If there is one rant, it would be that the lower mid frequencies (around 400hz) seems to come on too strong. Too bad my iDA-X305S HU does not have a PEQ like the 9887, else it would've fixed the lower mid "bloom". At certain types of music, it seems that the woofers are overpowering the tweeters. It might be important to note though that I had the tweeter level of the passive xover set initially at -2dB. I would want to try switching it to 0 (zero/middle setting) and see if it balances things out. Also, I'm not a strong believer of break-in (that there's a night and day improvement between new and broken-in speakers), but who knows...

To the other Voce owners out there, what are your passive xover settings?


----------



## typericey

double post


----------



## stream

Anyone would be so kind and post macro-photos of xovers (PCB, parts)?
I use only midbass with custom made xovers and tweeters from Monitor audio BR2 set.


----------



## xylene

typericey said:


> To the other Voce owners out there, what are your passive xover settings?
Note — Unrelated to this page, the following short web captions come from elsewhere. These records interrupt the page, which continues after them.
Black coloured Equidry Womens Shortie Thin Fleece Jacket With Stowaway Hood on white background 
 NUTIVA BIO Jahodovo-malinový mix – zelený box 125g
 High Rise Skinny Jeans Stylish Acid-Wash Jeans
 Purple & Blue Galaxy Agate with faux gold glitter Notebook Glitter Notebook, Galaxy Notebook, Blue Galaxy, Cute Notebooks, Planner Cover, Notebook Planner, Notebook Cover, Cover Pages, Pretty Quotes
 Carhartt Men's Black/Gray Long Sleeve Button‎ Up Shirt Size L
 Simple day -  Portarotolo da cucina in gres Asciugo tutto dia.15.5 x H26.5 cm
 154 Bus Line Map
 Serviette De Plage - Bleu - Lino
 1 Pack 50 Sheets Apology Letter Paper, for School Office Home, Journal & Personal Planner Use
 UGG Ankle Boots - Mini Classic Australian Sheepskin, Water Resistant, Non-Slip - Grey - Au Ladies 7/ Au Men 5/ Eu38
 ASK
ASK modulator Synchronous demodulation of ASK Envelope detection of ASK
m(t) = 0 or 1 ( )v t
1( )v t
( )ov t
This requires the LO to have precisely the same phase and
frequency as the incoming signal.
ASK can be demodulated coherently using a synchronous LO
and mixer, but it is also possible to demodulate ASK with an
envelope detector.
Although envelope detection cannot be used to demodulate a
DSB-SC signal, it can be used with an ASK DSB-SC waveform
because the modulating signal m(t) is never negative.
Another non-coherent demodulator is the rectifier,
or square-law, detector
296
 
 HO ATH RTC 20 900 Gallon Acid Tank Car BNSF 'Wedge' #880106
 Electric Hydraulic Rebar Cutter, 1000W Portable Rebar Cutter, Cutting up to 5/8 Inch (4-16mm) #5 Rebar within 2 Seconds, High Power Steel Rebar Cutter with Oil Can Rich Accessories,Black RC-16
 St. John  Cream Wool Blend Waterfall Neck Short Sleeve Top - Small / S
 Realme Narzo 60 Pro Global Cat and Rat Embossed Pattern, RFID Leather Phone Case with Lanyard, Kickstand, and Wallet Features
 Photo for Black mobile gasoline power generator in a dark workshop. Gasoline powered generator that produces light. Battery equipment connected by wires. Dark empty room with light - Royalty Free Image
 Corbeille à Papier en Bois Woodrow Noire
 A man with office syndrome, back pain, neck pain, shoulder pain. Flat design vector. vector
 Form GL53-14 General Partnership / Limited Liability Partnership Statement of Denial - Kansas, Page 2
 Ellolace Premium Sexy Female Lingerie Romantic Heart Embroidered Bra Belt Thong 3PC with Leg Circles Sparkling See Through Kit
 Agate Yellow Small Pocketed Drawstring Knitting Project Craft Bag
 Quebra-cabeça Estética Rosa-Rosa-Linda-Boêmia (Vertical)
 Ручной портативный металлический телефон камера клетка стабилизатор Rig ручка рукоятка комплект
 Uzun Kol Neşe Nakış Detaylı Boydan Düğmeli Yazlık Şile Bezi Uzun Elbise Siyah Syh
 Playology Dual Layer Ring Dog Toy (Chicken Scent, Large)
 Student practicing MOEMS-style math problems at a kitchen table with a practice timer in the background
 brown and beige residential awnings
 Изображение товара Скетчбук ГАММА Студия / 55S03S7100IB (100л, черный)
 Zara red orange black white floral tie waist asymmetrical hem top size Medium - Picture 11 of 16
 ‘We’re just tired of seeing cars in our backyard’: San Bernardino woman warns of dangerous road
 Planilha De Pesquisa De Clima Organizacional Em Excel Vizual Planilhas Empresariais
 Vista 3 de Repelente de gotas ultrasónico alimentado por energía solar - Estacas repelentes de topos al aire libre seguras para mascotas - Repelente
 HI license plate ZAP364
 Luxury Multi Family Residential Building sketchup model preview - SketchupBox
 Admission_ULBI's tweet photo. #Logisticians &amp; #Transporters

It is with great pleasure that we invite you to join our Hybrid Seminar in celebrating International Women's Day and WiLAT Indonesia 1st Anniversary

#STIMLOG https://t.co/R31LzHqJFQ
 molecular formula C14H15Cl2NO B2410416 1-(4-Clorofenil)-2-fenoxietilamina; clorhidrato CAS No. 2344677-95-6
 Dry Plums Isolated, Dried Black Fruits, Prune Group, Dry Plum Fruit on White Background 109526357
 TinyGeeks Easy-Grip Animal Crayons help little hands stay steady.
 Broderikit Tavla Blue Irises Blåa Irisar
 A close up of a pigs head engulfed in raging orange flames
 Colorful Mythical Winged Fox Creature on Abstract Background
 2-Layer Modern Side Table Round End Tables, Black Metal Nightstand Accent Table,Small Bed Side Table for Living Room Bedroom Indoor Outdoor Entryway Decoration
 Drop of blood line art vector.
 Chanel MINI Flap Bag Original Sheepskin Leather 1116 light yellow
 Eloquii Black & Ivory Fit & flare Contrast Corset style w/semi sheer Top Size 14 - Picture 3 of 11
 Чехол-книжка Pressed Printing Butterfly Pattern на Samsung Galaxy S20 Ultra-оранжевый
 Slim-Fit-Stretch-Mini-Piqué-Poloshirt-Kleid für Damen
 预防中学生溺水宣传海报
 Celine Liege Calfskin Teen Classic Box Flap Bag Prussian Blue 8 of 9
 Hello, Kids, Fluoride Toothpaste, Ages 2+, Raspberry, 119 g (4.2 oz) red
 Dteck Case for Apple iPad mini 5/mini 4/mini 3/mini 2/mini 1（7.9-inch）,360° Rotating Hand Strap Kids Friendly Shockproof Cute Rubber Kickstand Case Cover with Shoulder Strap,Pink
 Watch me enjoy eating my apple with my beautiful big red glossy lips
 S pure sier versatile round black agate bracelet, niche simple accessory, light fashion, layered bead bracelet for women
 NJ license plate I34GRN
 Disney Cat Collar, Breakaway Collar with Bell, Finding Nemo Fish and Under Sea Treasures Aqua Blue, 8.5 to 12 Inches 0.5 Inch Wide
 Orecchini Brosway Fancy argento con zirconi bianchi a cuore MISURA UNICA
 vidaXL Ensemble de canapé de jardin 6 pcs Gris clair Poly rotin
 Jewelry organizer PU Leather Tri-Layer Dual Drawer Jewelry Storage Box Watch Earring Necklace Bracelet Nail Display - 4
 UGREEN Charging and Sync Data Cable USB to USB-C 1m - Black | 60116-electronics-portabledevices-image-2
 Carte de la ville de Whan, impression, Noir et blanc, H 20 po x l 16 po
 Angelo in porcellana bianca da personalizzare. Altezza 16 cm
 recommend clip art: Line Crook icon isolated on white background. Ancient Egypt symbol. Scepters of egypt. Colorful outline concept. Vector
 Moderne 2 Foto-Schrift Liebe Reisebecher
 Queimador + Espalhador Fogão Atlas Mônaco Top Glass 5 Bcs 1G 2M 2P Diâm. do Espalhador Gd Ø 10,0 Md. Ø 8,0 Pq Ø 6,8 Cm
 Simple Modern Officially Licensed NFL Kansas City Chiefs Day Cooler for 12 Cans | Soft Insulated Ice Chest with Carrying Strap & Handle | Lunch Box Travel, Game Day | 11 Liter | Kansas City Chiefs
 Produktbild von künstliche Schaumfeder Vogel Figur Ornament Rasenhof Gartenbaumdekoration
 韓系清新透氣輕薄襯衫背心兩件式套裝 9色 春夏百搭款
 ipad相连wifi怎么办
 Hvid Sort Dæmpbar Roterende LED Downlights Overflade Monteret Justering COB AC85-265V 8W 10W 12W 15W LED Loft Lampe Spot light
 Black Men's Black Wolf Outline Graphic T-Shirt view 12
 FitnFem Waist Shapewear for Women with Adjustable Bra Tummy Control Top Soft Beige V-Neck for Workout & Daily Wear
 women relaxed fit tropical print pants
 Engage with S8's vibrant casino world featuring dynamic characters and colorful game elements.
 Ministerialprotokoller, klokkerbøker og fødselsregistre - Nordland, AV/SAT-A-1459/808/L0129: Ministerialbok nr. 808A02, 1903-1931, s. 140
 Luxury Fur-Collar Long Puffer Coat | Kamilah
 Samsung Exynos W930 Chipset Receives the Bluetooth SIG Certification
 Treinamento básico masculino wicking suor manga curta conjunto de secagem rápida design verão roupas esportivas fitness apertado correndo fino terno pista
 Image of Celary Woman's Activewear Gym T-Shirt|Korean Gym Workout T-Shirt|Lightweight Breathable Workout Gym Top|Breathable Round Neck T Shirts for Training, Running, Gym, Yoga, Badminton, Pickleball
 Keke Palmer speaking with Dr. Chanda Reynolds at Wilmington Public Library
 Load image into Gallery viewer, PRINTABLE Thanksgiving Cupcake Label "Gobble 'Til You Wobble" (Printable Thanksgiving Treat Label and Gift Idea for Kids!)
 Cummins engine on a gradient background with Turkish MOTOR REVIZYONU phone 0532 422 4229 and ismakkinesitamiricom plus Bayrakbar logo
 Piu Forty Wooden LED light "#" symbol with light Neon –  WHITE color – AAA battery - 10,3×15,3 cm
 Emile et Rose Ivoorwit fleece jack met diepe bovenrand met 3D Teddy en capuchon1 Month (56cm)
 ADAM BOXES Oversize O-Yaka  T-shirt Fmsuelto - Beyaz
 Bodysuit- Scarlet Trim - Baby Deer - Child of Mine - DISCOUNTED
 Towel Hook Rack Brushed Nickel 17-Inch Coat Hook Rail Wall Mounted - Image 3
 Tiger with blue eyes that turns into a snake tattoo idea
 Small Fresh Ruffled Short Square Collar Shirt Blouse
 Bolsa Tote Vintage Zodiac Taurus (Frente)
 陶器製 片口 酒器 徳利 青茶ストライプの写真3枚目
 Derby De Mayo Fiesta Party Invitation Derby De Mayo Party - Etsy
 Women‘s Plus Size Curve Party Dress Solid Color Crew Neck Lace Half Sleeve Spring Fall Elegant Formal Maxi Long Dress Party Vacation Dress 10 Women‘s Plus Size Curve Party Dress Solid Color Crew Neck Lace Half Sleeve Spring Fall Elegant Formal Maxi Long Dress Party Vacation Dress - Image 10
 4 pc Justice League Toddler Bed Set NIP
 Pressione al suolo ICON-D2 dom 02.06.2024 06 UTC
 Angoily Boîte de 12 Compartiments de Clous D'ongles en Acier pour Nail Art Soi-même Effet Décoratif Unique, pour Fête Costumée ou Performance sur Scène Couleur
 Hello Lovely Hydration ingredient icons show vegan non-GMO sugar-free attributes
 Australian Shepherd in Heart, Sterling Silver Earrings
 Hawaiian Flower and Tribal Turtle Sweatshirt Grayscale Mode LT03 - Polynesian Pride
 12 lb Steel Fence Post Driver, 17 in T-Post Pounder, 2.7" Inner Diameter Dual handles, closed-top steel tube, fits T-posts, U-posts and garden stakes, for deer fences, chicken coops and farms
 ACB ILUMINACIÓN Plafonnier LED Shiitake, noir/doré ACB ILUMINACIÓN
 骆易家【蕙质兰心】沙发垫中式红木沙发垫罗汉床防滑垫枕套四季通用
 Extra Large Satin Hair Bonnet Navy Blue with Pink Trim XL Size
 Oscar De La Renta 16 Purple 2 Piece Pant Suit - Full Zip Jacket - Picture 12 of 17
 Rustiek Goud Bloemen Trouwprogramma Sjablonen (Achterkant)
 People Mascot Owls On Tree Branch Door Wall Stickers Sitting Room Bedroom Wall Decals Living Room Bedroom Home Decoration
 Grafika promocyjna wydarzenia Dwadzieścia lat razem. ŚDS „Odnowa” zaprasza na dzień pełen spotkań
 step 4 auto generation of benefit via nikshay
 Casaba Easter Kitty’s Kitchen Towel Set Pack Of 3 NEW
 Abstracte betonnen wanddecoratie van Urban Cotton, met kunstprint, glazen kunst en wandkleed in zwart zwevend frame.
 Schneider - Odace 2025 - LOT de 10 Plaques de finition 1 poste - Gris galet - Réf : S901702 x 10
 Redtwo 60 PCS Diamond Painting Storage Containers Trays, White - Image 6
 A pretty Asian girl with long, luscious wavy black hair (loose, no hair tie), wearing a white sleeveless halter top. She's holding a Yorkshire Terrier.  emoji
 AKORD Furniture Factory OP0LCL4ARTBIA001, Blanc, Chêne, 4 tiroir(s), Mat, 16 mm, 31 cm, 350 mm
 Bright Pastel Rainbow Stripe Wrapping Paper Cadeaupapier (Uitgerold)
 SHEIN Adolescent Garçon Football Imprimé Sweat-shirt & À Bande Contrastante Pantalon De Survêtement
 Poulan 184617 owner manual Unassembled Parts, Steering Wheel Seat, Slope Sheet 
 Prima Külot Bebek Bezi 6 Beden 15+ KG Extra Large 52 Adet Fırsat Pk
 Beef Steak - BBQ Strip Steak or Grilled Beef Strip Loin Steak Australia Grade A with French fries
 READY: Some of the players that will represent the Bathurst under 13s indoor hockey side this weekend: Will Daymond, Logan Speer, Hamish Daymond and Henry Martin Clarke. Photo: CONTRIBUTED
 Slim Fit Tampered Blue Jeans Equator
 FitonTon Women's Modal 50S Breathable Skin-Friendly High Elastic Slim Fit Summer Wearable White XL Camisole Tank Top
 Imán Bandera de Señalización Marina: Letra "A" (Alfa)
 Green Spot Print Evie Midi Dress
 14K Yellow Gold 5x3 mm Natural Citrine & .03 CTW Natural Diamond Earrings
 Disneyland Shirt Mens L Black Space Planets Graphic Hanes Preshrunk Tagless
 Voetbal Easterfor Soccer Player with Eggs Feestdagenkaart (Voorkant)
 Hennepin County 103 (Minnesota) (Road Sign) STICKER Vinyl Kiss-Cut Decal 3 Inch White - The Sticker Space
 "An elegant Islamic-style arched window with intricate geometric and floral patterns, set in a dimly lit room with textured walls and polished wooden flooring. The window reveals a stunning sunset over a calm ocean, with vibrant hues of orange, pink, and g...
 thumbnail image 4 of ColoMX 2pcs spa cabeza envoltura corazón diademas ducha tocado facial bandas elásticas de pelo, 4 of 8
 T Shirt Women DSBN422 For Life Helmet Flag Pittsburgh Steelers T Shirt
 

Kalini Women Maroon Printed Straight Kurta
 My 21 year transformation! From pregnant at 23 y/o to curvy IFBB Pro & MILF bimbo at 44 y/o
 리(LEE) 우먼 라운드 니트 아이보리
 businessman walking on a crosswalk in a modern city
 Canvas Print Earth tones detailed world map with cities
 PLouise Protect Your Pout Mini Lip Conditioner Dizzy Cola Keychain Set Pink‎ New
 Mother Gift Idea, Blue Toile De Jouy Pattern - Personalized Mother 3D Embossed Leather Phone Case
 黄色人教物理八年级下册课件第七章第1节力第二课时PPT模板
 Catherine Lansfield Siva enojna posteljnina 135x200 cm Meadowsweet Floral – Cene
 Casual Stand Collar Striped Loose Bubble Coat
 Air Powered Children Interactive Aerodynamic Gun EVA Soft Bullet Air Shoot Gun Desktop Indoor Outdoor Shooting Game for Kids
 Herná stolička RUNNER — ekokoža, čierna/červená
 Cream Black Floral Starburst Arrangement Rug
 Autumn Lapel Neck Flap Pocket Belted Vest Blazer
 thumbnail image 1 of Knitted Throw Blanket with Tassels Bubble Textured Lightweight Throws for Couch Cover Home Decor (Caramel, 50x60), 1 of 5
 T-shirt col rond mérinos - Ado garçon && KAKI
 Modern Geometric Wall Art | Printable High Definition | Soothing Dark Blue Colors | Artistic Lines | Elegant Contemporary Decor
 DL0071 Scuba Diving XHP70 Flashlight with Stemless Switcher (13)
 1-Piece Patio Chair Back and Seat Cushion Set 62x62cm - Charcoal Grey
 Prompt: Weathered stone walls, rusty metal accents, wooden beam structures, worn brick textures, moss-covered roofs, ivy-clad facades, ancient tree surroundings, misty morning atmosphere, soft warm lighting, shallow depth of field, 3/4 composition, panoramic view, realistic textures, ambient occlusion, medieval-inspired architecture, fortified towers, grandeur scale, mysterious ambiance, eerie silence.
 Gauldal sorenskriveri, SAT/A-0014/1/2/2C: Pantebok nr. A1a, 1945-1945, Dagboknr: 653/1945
I have them currently set at -2db. I drive a Honda ridgeline and I consider the cabin pretty large compared to most vehicles. When first installed I thought I would be able to get away with the tweets set at 0db. When I was running the newer style hertz high energy HSK 165 I had to set the tweeters to -2db because they are way too bright, especially compared to the voce's.

My hearing is very good and I find at the volume I listen at the AV1.1 tweets set to 0db make the tweets sound unbalanced and are much louder than the woofers. 

When I give them a taste of power, when the speakers really start to shine is a different story. Setting the tweets to 0db rounds the sound out and blends the woofer that is now keeping up in loudness with the tweets and takes care of what you experience....

However at that loud of volume they do sound even more superb but I can’t concentrate on driving....


----------



## dimitritodd

Does anyone have any info on anyone in the US carrying these?


----------



## Blancolex300

rexroadj said:


> blancolex300.....where in ma. are you and what shop do you work?


I live in Burlington and work at Krank It Up in Medford.


----------



## mwills

xylene - 

good info. thx.


----------



## typericey

xylene said:


> However at that loud of volume they do sound even more superb but I can’t concentrate on driving....


Thanks for your response xylene. I'll keep it at -2 for now and do some more listening. 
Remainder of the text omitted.